As my husband likes to say in his adapted version of Matthew 5, “You’ve heard it said, ‘Bake Christmas cookies and bring them to your neighbor.’ But I say, ‘Bake Christmas cookies with your neighbor.’”
Walking, creating, and baking are all ways to slow down.
2. Embrace Childlike Wonder.
Remember when you were little, and you were easily amazed by things like a squirrel or a leaf pile? The world was big and new, and joy was around every corner. Now it takes the ocean or the Grand Canyon to wow us. We lose our sense of wonder when we stop being curious, when we experience the same thing a thousand times and, rather than marvel, we say, “meh.”
This season, instead of buying into the commercialized Christmas narrative where things peak on the 25th as we open gifts (followed by a hard crash), let’s celebrate the wonder of Jesus’s arrival to our neighborhoods in small, ordinary ways.
When you drive home, look around you. See your neighbors and neighborhood with fresh eyes. What are the familiar—but easy to miss—sights and sounds in your neighborhood? Let God stir your imagination as you pray for neighbors. Bring some delight to your neighbors by caroling, dropping off a surprise for someone a few doors down, or inviting a neighbor to the Magic Tree.
Our neighbors are undernourished when it comes to knowing the God of wonders—and so are we—but we can rediscover him right at home.
3. Be Present at Home.
We can only handle overstimulating and stressful schedules for so long before we press the escape button. When we come home for the day, our brains look to our phones, holiday vacays, eggnog, or Santa Clause movie marathons to disappear from the ordinary or the hard.
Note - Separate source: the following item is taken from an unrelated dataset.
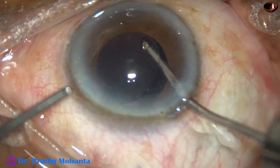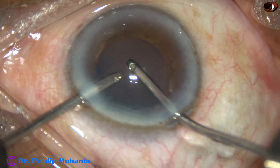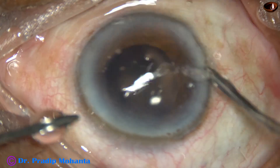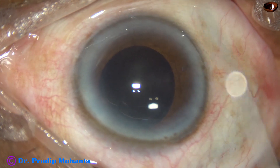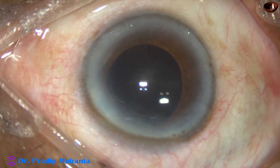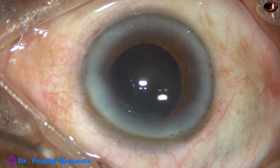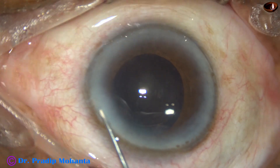I irrigate behind the lens — there should not be any viscoelastic trapped behind the lens. In many instances, trapped viscoelastic behind the lens may cause raised intraocular pressure and can cause steamy corneal edema, making the patient very uncomfortable. So all the retained viscoelastic should be removed.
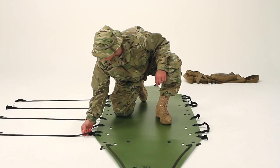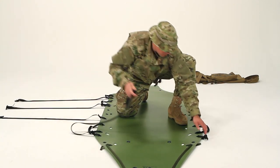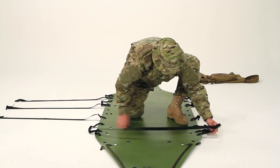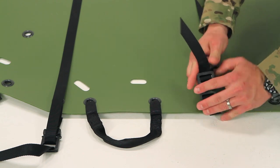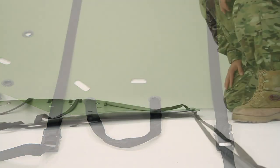It's easy to repack the Sked. Begin by buckling the straps and laying them outside the perimeter of the Sked. Make sure the straps are laid out flat so it'll be easy to tighten them the next time you use the Sked.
And we fear engaging with anyone who might take more energy from us.
But Advent offers an alternative: Jesus has arrived. Right into your routines (however eventful or dull they might be).
And when the universe-maker moved in, he wasn’t looking over his shoulder to heaven. He was 100% in the moment. He was present in the good things and the hard things and let his Father restore him.
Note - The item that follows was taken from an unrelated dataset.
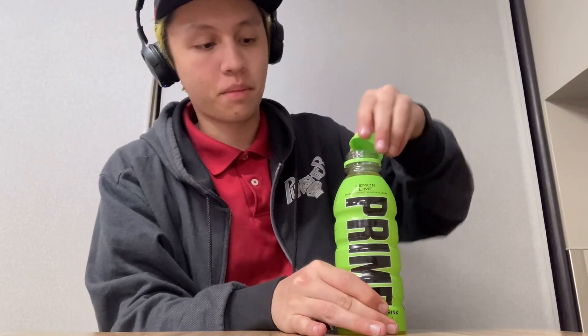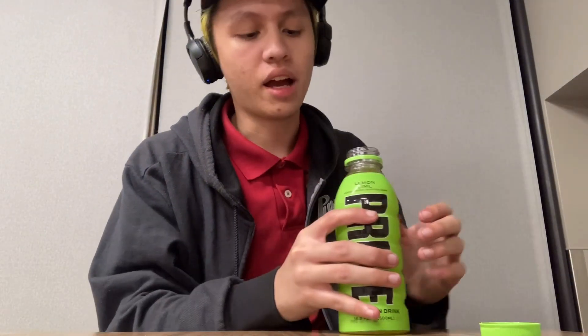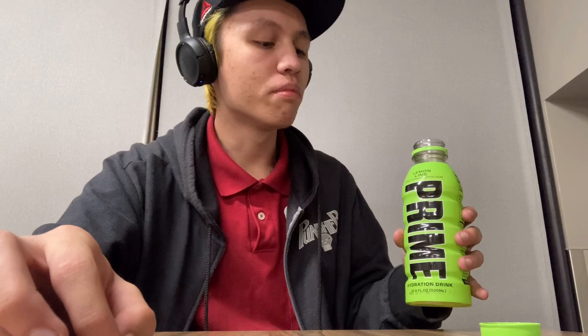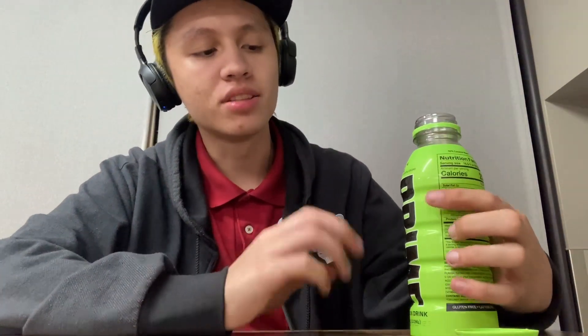It kind of has like an off-brand spray scent, and an off-brand spray taste — best way to explain it. It tastes like Gatorade's lemon lime. It's not a favorite, but it's still good.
So, resist the escape button. When you see your neighbor, be intentional for those five minutes. Make eye contact and let your body posture show you’re present and listening. In a culture where no one listens, you can embody Jesus to your neighbors by showing them that God sees them, leaving the comforts of heaven to be with you and me.
4. Bring Others In.
Remember that for many of us, the holidays leave us wanting. Feelings of isolation, grief, disappointment, and unmet expectations over family dynamics are… hard. I can only eat my feelings for so long before realizing I’m now sad and my jeans don’t fit.
All our attempts to make family memories and Christmas nostalgia fit into the Jesus-shaped hole leave us feeling whiplashed in January. “Welp, that didn’t work. Time to double down and find a new and improved self, I guess.…”
The world is waiting to be shielded—even rescued—from these cycles. And Advent reminds us that we no longer have to wait for relief. Jesus has come.
Plan a soup night, cookie exchange, or progressive dinner. Or invite a couple of neighbors over to wrap Christmas presents, putting a movie on in the background. Think of something you already want or need to do and invite neighbors to join to make it more fun. Remember the student, single mom or dad, empty nester, or someone far from home. These gatherings remind us that we’re not alone.
Don’t overcomplicate it, just think simple and together.
In a commercialized, me-centered culture, neighboring over the holidays can feel counter-intuitive. But that’s the kingdom of God for you. We can experience the reality of Advent in our neighborhoods when we slow down, embrace childlike wonder, are present at home, and bring our neighbors in.
These postures give us hope that perhaps there’s some rest to be had after all. And instead of showing up to January feeling a little soul-starved, maybe we’ll be surprised by how Advent rekindled the wonder of God in our neighbors—and in us.